The Prime Minister wants a Canada-style trade deal which would leave the UK free to diverge from EU rules.

But a key aide to Brussels’ chief negotiator Michel Barnier said the EU would not budge from its insistence on a “level playing field” on state subsidies, environmental protections and workers’ rights as the price of any deal.

Stefaan De Rynck said: “It’s clear that for us it’s a different ball game that we are playing with the UK to the one that we agreed with Canada in terms of the level playing field.”

He was speaking after the Prime Minister’s negotiator David Frost warned that “to think that we might accept EU supervision on so-called level playing field issues simply fails to see the point of what we are doing”.

Mr De Rynck said the UK’s closeness to the EU in terms of both distance and trading relationships meant the level playing field conditions were more important than in other trade deals struck by Brussels.

“Some in the UK now seem to want to become Canadians. But Dover is much closer to Calais than Ottawa is,” he said in a speech at the London School of Economics.

“Proximity matters, distance matters in trade. What also matters is the interconnectedness between our economies.

“So, in terms of zero tariff, zero quota access, this brings a lot of benefits to the UK economy and with benefits come obligations.”

The UK and EU “share values such as free enterprise, open economies, social justice,” he said, adding: “Surely it cannot be rocket science to agree common standards.

“Indeed the idea at the heart of the Political Declaration which has been agreed is having common standards on the issue of the level playing field.”

The goal of “zero tariff, zero quota” trade is set out in the Political Declaration agreed by the Prime Minister and the EU in 2019.

But Mr De Rynck said there was concern in Brussels about the Government attempting to deviate from the shared declaration.

A written ministerial statement published alongside the Prime Minister’s major Brexit speech earlier in February was a “source of some concern in terms of the level of ambition in the Political Declaration not perhaps being fully met”, he said.

With a deal needing to be reached by the end of the year, Mr De Rynck warned the talks could get “rather difficult”.

“We have a vast amount of work and we seem to have 10 months to do it, or less than 10 months if you calculate the time for ratification so that everybody can be ready on January 1, 2021 for the new regime,” he said.

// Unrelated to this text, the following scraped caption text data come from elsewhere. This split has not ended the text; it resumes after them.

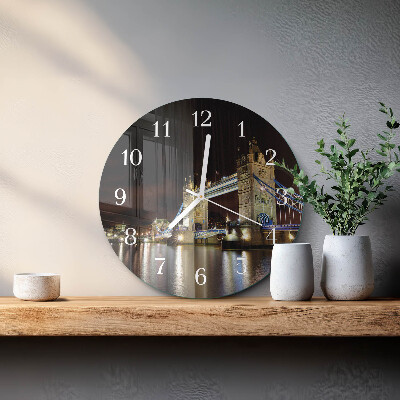 Round wall clock London Bridge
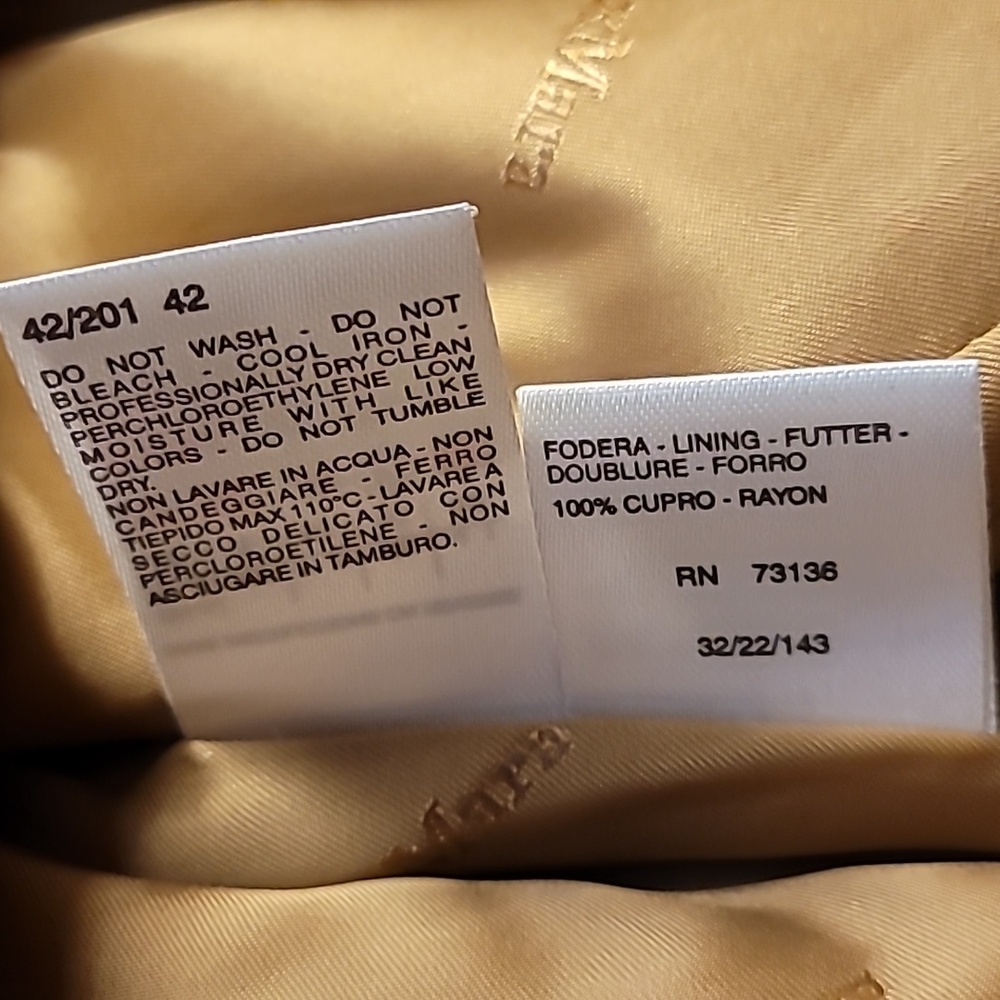 MaxMara Women's Camel Blazer - Picture 6 of 6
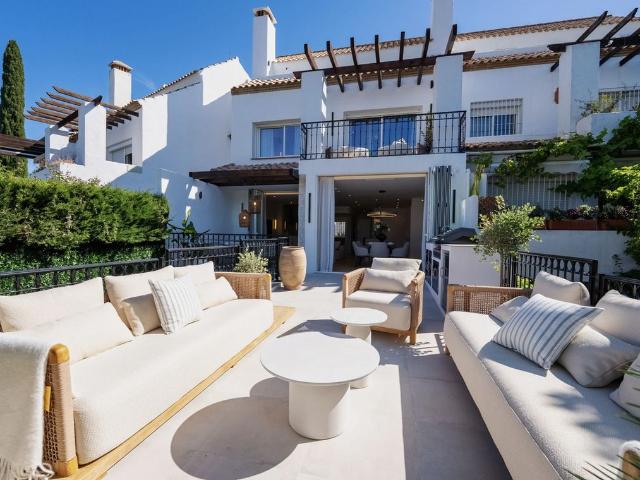 Chalet en venta en El Vicario, Costa del Sol Occidental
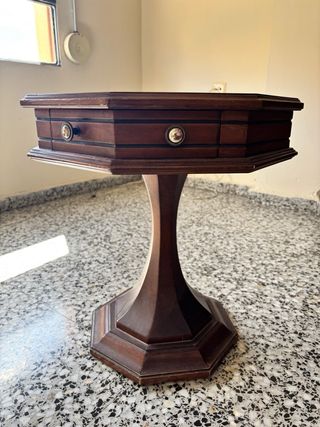 Mesa auxiliar octogonal antigua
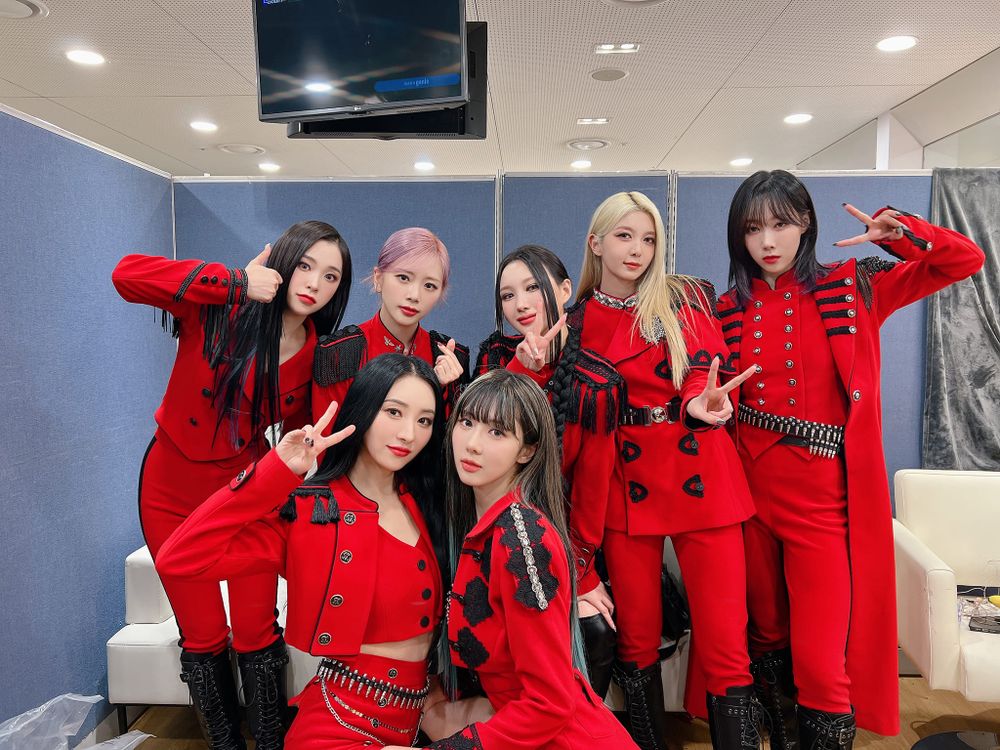 韓網熱議6組超帥的KPOP女團軍裝舞台造型！(G)I-DLE又帥又性感，LE SSERAFIM舞台魅力超殺！-7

“I would expect some of these negotiations to be rather difficult, perhaps more difficult that during withdrawal because the scope of issues is so much vaster.”

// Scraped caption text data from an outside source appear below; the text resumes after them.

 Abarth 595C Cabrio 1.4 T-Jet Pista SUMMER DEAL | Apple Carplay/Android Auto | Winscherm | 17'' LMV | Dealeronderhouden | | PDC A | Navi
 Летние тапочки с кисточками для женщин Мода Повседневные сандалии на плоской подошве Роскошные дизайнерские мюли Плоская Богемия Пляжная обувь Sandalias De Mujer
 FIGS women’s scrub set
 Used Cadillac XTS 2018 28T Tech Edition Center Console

The scale of the challenge was underlined this week by French foreign minister Jean-Yves le Drian, who predicted the two sides in the negotiations would “rip each other apart”.

Mr De Rynck also set out the EU’s position on talks on financial services and security co-operation.

He warned that an equivalence regime for financial services – where one side accepts the other’s regulations are suitably robust – would not mean business as usual for the City.

“Equivalence is certainly not continuity, it does not exist for every service in the financial sector,” he said.

“Equivalence is not something that can make up for the loss of the benefits of the single market.”

On security, he stressed that “the closest possible co-operation in this field requires, ultimately, the (European) Court of Justice” to be involved if there are concepts derived from European Union law – something that Brexiteers will find hard to accept.

Screengrab of EU paper on UK trade negotiations (PA)

A document setting out the EU’s stance was published by Mr Barnier’s negotiations taskforce.

“The UK cannot expect high-quality access to the single market if it is not prepared to accept the guarantees the EU requires to ensure that competition remains open and fair,” the paper said.

It added that “comparing the situation of the UK to other countries, such as Canada, simply does not work”.

“In the specific case of the UK, the level and intensity of trade is determined as well by its past economic integration with the EU. We have been together with the UK for almost half a century.

“This economic interconnectedness and geographic proximity are such that it is in our mutual interest to agree on fair competition standards between us, as well as on their effective enforcement.”

A UK Government spokesman said: “We are clear that we are not asking for a special, bespoke or unique deal.

“We want a Canada-style free trade agreement, which the EU has frequently said is on offer.

“There are arrangements for fair and open competition in free trade deals that are proven to work, there is no reason that our proximity to the EU should mean extra restrictions on trade.”